Problem: Your reply should be made up of every line in the records below that holds the string "with".
──────
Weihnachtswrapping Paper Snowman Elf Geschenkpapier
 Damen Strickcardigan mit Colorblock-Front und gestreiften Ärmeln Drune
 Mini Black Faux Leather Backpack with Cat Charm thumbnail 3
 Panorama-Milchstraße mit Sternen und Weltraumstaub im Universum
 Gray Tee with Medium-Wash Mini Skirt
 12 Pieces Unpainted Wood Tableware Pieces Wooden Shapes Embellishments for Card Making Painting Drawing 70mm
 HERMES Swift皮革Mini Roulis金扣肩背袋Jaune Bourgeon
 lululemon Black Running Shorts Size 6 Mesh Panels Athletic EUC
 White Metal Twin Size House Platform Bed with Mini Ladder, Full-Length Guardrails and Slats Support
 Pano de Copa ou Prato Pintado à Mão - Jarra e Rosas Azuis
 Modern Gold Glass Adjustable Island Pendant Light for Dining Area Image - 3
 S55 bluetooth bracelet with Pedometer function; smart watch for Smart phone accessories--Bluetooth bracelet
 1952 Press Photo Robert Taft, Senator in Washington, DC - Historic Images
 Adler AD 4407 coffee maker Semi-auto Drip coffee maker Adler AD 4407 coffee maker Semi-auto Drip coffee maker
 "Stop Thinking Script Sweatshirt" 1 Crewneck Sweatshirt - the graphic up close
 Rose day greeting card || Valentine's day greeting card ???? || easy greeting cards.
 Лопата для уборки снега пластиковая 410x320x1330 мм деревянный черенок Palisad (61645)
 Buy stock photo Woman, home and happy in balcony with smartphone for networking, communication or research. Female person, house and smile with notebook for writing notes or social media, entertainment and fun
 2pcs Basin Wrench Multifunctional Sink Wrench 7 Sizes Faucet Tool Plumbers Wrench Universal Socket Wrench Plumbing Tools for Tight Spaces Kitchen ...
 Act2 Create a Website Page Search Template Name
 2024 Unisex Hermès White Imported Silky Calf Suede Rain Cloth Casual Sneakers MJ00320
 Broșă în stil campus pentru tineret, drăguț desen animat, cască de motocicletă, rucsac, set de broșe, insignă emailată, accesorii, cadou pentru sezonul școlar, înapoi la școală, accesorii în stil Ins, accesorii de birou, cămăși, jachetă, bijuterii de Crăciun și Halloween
──────
Your solution:
 Mini Black Faux Leather Backpack with Cat Charm thumbnail 3
 Gray Tee with Medium-Wash Mini Skirt
 White Metal Twin Size House Platform Bed with Mini Ladder, Full-Length Guardrails and Slats Support
 S55 bluetooth bracelet with Pedometer function; smart watch for Smart phone accessories--Bluetooth bracelet
 Buy stock photo Woman, home and happy in balcony with smartphone for networking, communication or research. Female person, house and smile with notebook for writing notes or social media, entertainment and fun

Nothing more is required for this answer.